■ ABOUT THIS EXERCISE ■
Would you output all the lines below precisely as they stand, leaving each picture out?

=== SUPPLIED INFORMATION ===

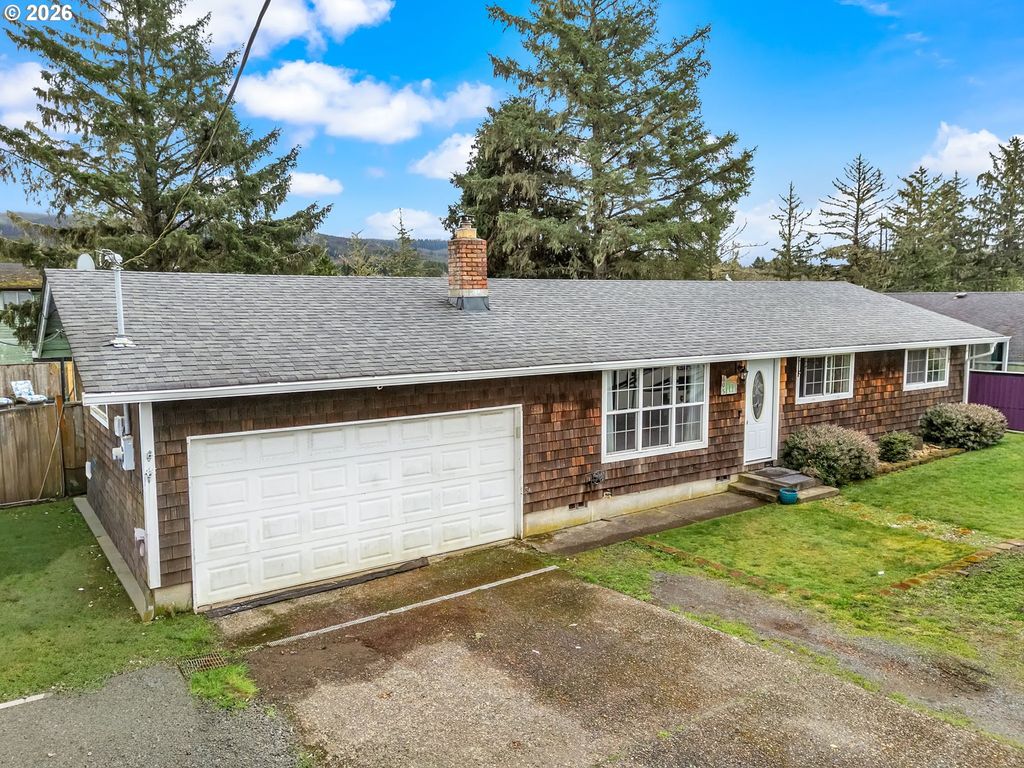 805 S KING St, Seaside, OR 97138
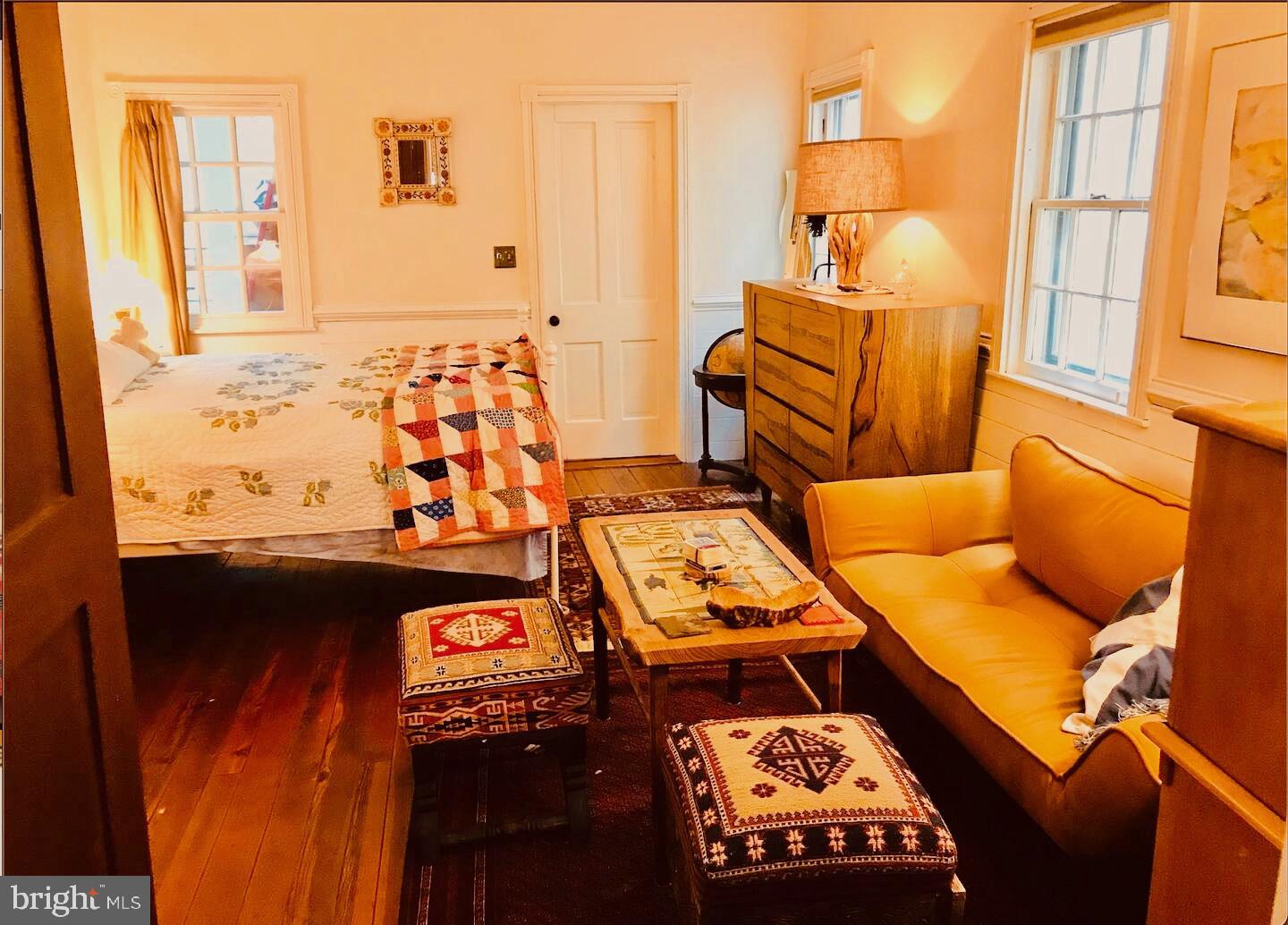 HISTORIC DISTRICT - Residential Lease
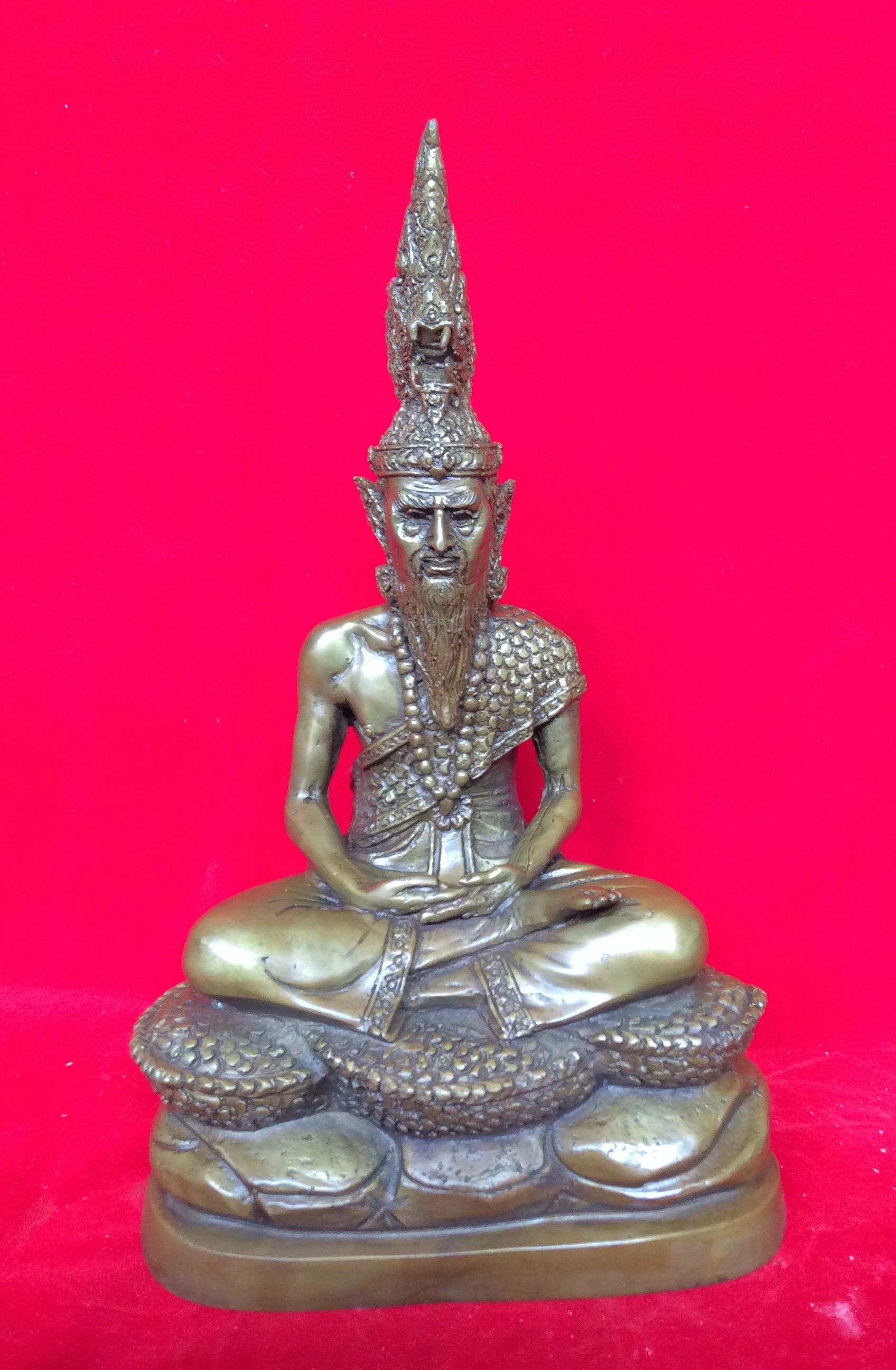 พ่อปู่ฤาษีภุชงค์หรือพระฤาษีนาคา หรือ (ปู่นาคราช) สร้างจากทองเหลือง ขนาด 5 นิ้ว รหัส238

===

■ SOLUTION FOR THIS EXERCISE ■
 805 S KING St, Seaside, OR 97138
 HISTORIC DISTRICT - Residential Lease
 พ่อปู่ฤาษีภุชงค์หรือพระฤาษีนาคา หรือ (ปู่นาคราช) สร้างจากทองเหลือง ขนาด 5 นิ้ว รหัส238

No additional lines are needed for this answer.